DATA SUPPLIED Block Start

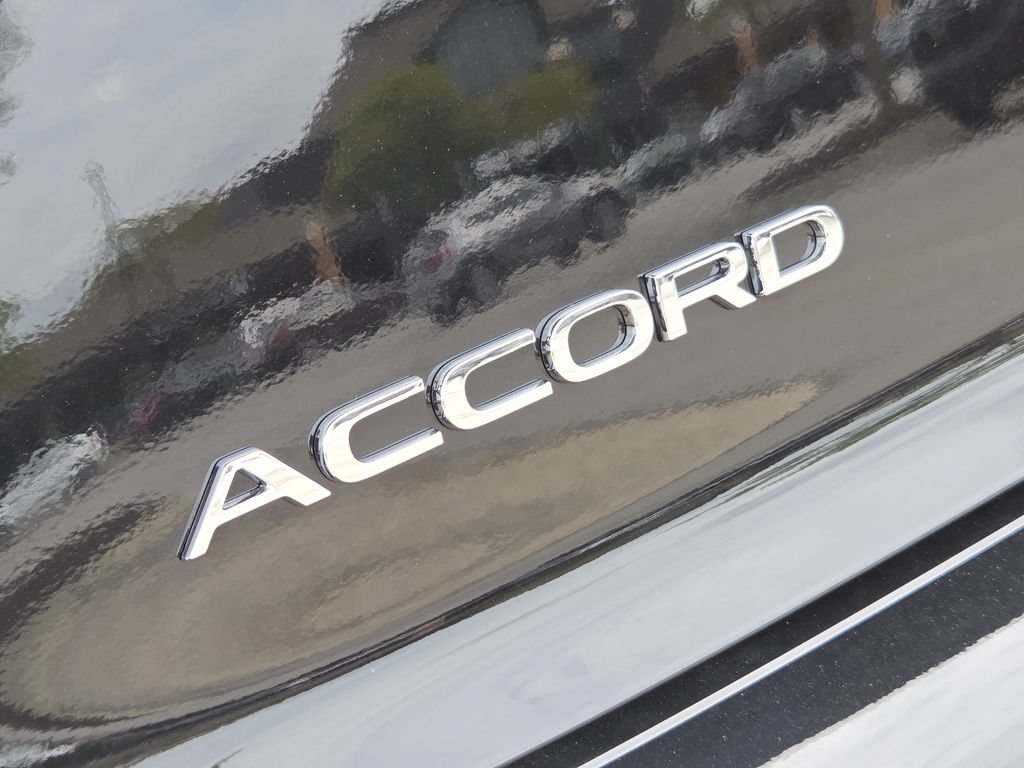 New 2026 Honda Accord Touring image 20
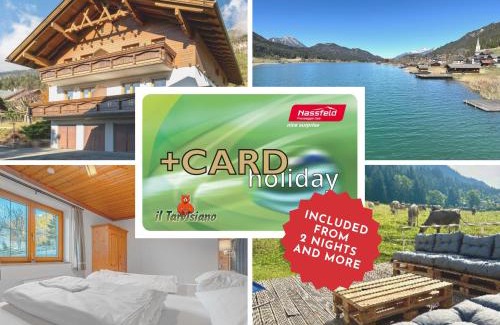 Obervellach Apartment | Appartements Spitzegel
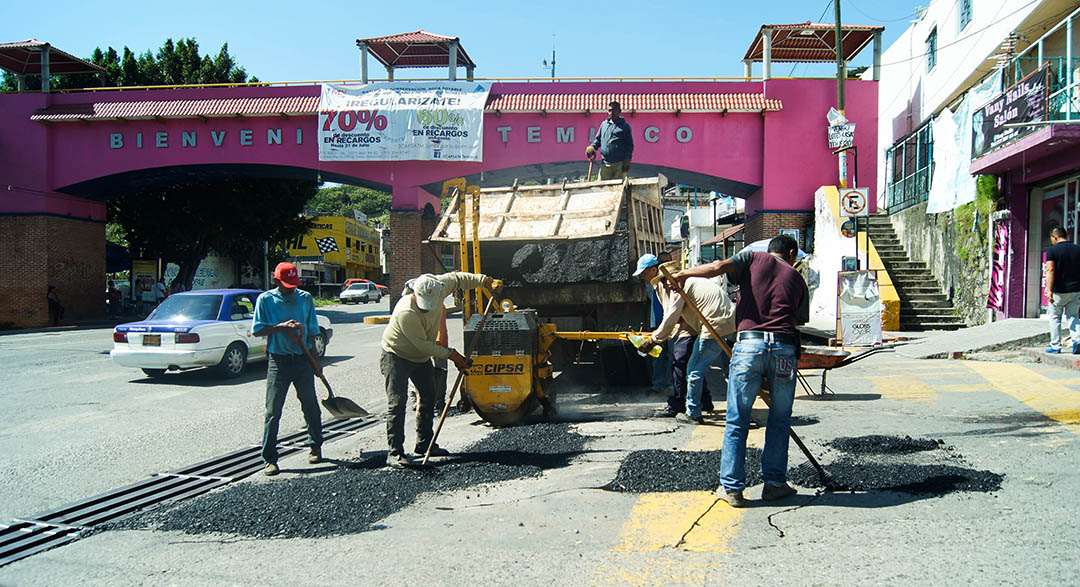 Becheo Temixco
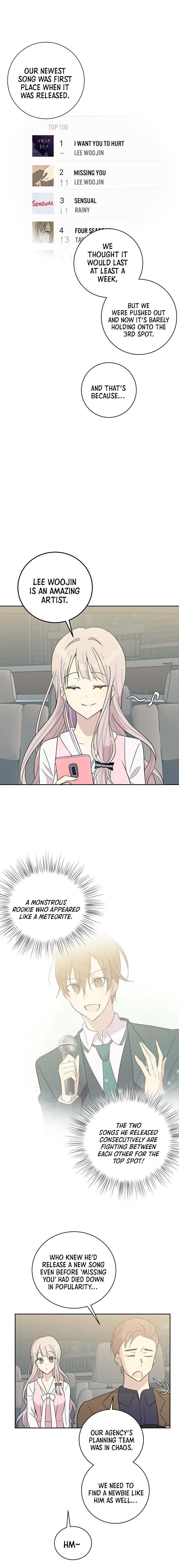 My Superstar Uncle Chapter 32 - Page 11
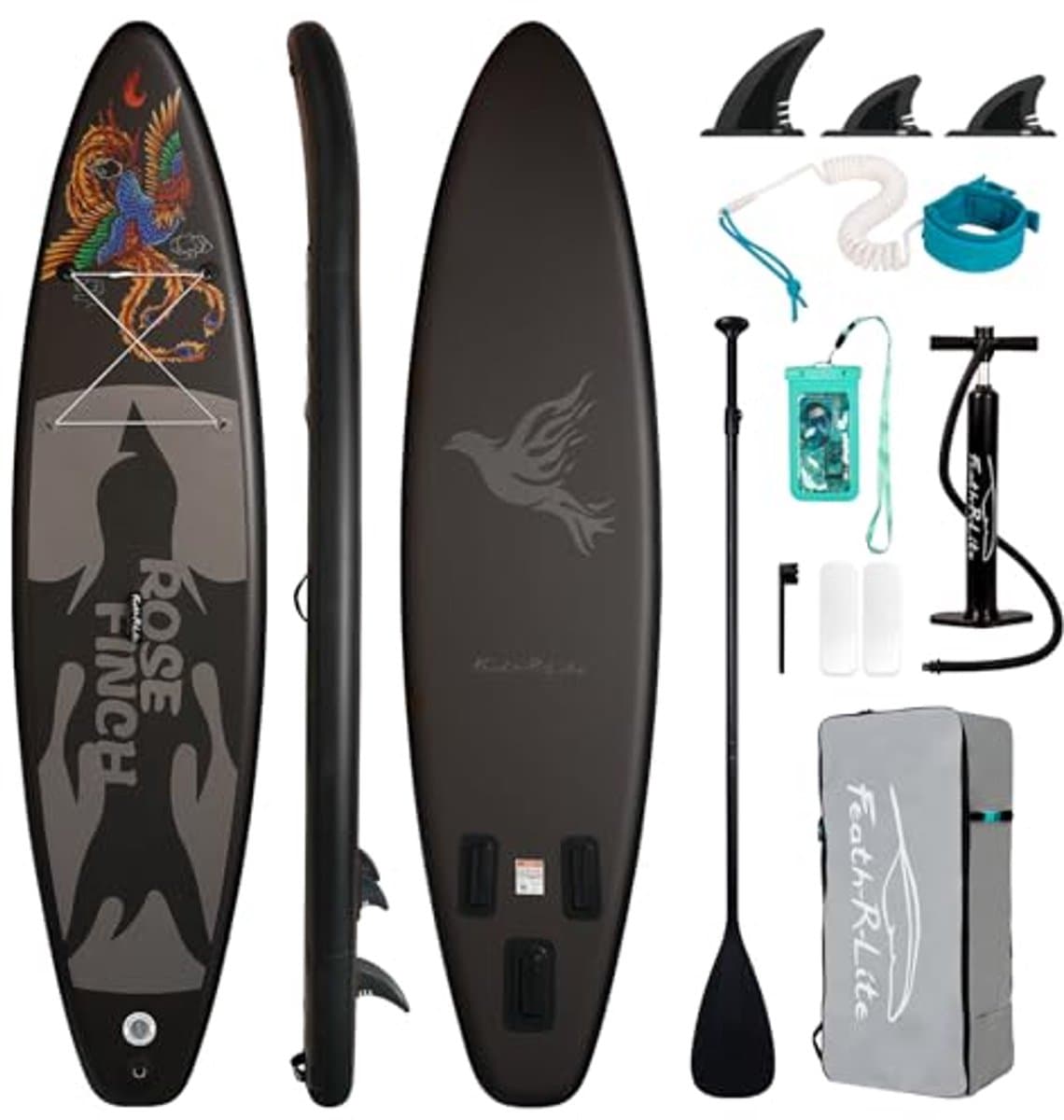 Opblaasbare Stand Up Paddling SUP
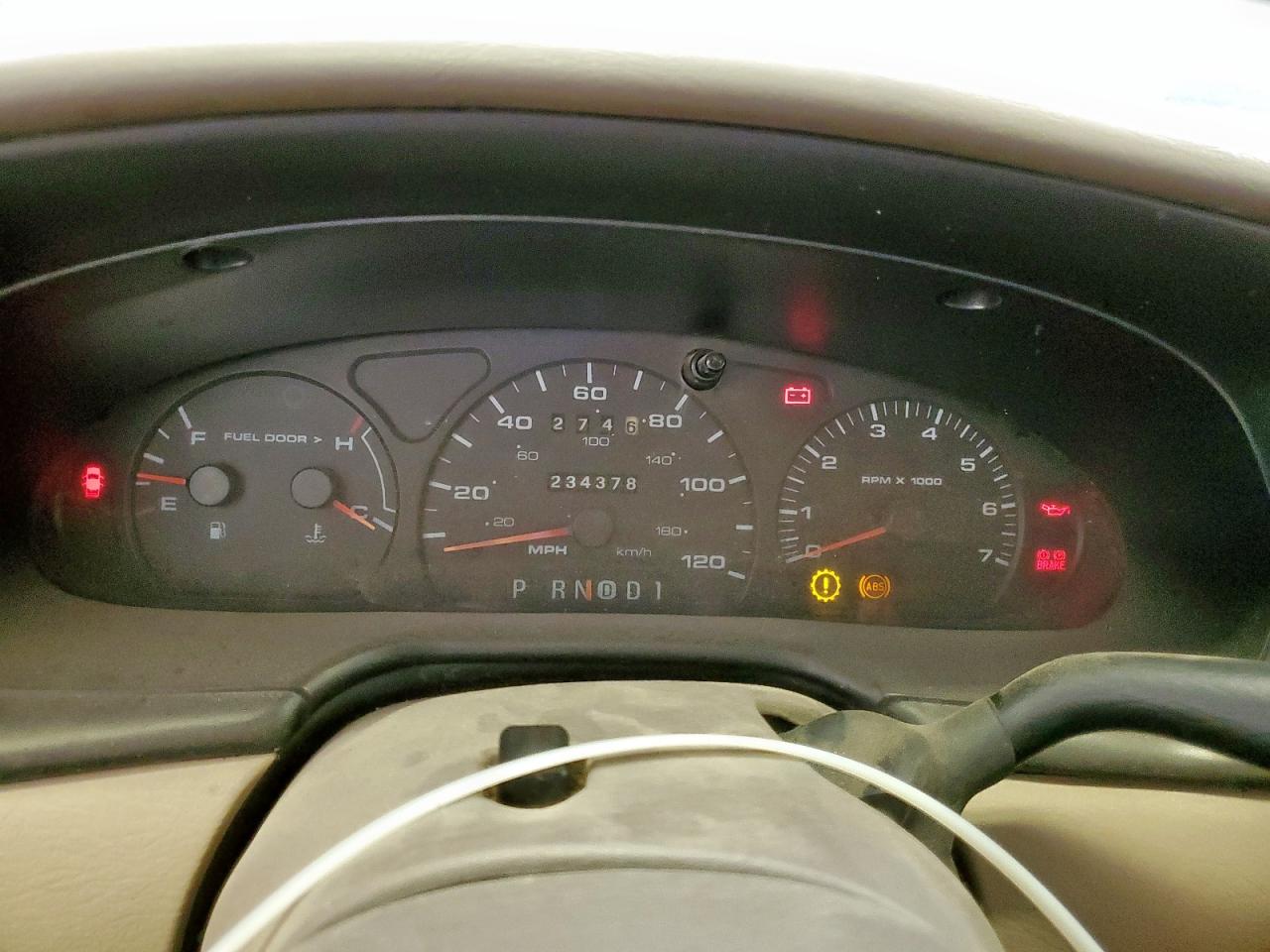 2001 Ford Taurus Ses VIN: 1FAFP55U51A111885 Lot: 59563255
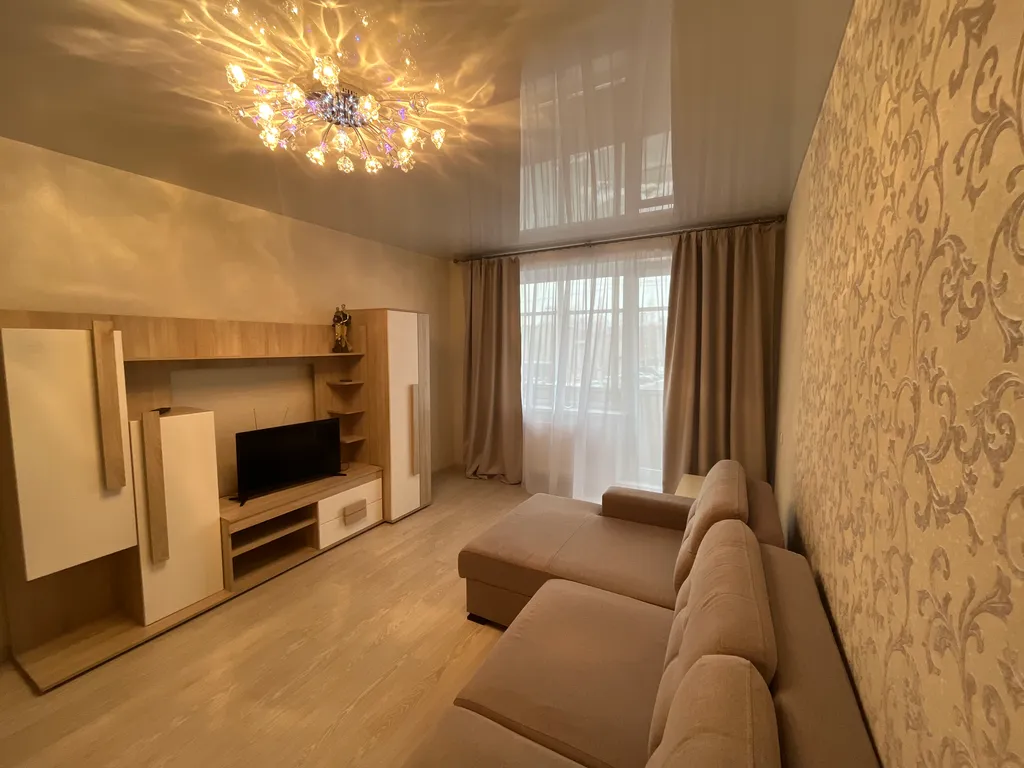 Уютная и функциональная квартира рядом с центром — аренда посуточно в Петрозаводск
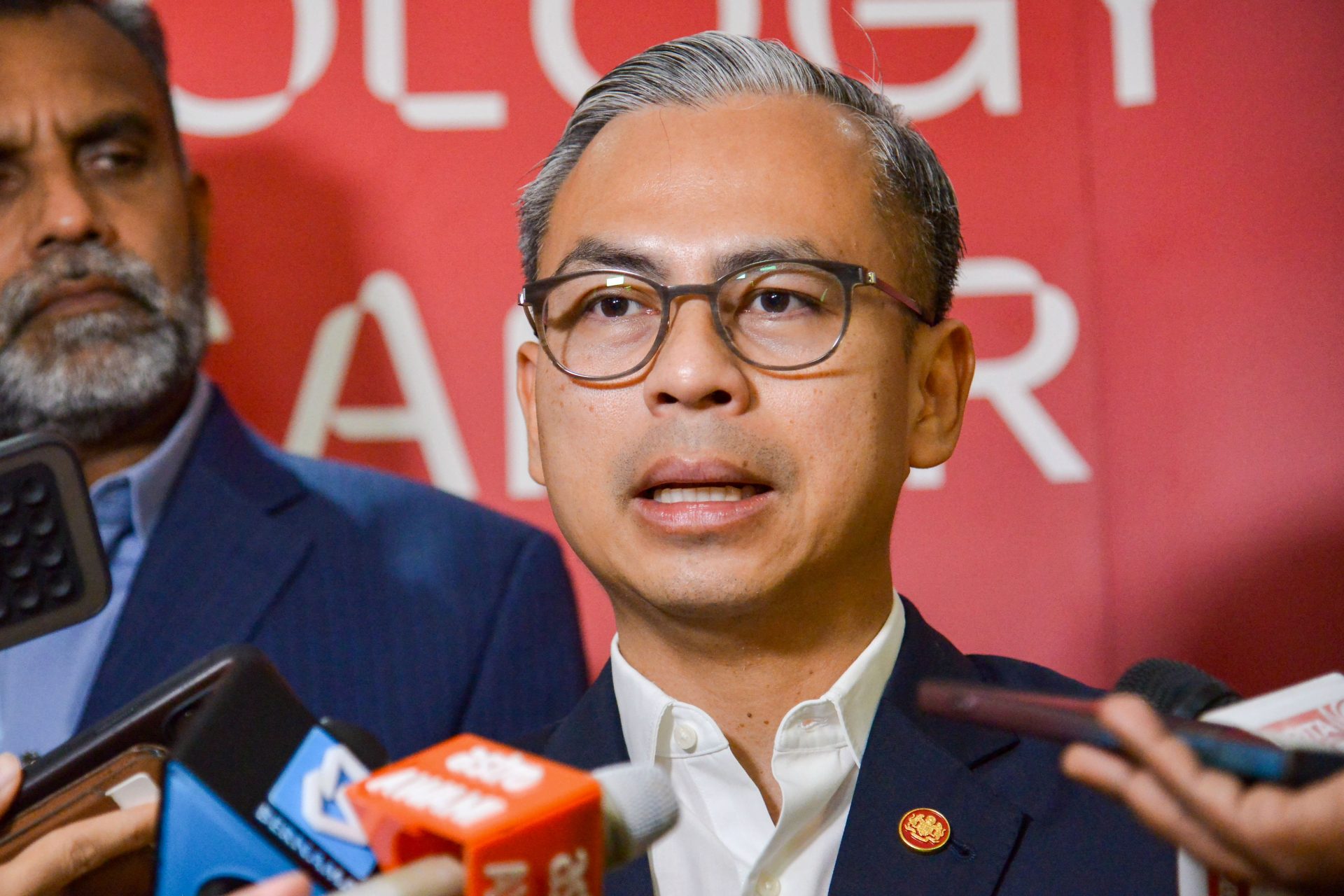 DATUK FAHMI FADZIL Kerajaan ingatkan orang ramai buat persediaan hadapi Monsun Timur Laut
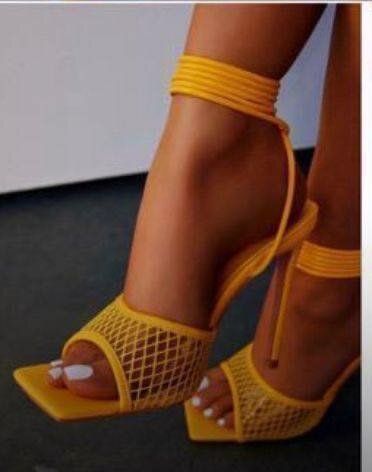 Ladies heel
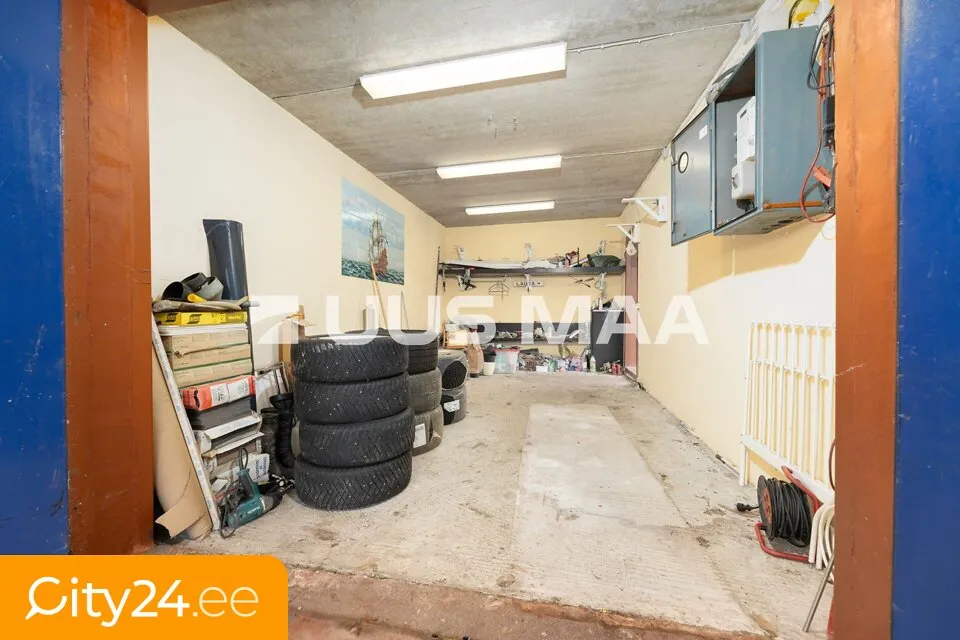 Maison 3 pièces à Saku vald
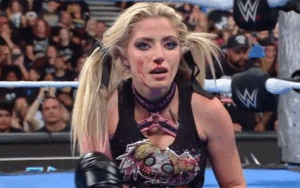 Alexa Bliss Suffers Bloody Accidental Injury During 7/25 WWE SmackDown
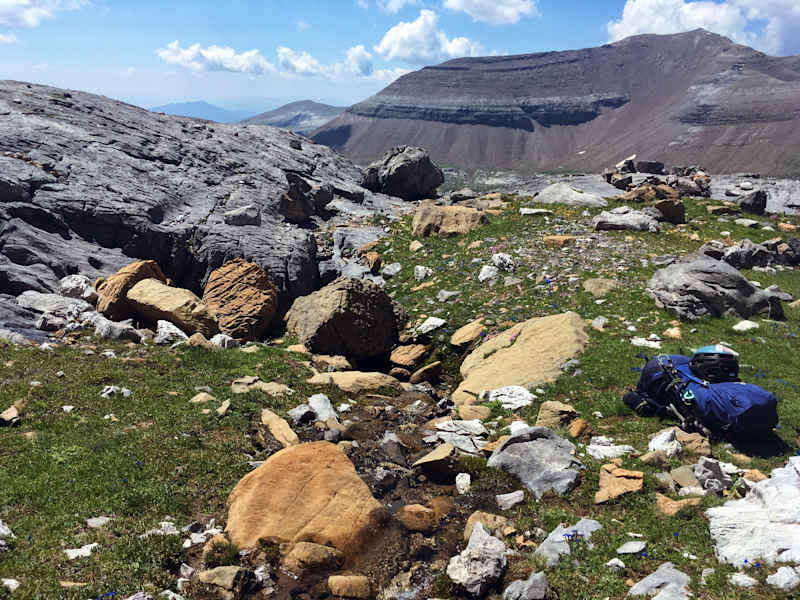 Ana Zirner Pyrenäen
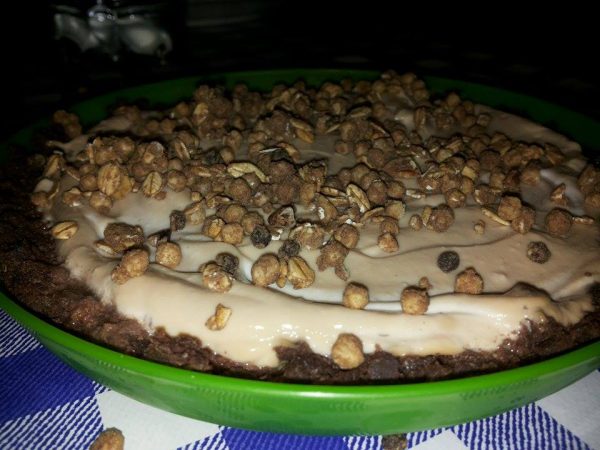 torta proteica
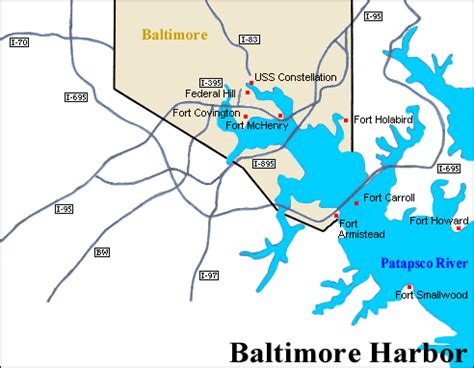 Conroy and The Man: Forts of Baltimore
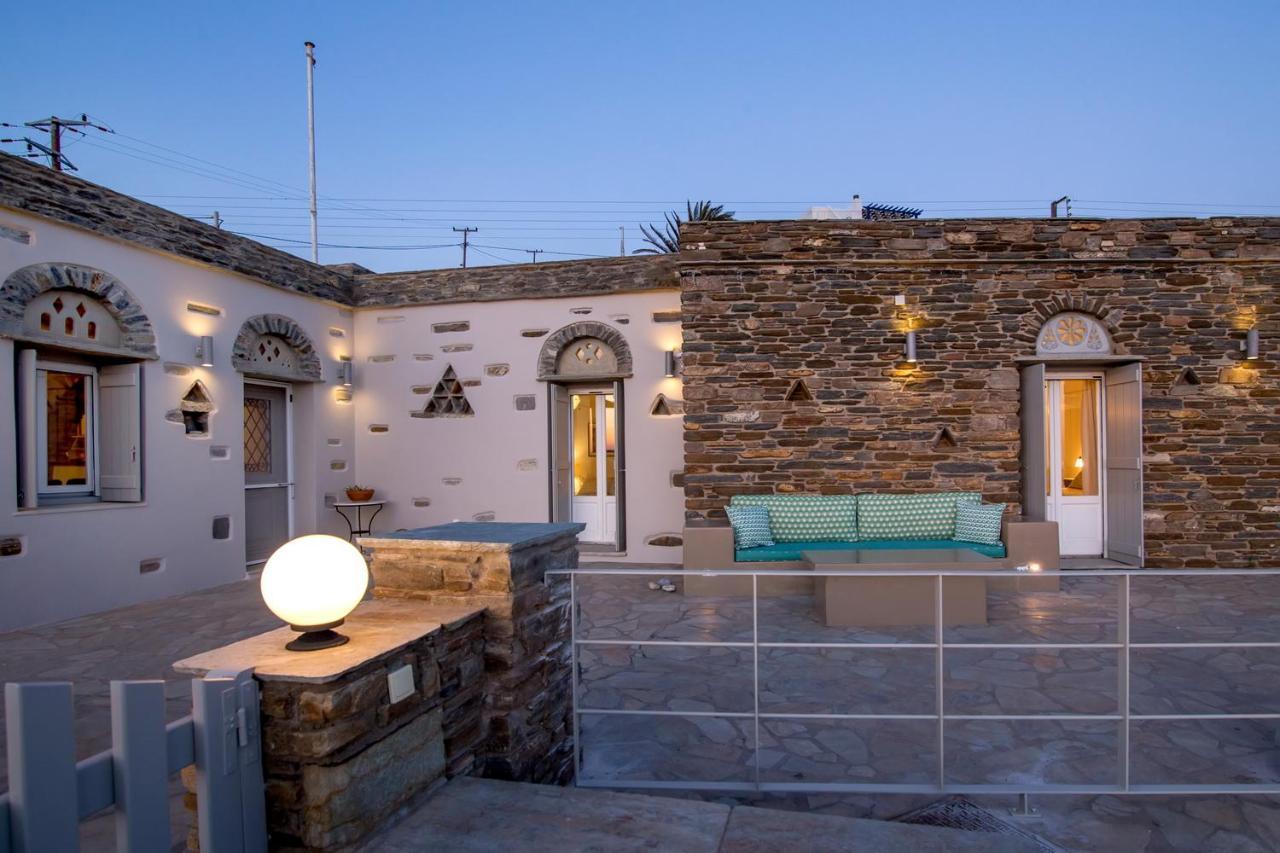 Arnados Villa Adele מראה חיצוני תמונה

DATA SUPPLIED Block End

__TASK REQUIREMENTS__
Return the lines exactly, from the one containing "Ladies heel" through the last line above, including both ends and excluding every picture.

__SOLUTION__
 Ladies heel
 Maison 3 pièces à Saku vald
 Alexa Bliss Suffers Bloody Accidental Injury During 7/25 WWE SmackDown
 Ana Zirner Pyrenäen
 torta proteica
 Conroy and The Man: Forts of Baltimore
 Arnados Villa Adele מראה חיצוני תמונה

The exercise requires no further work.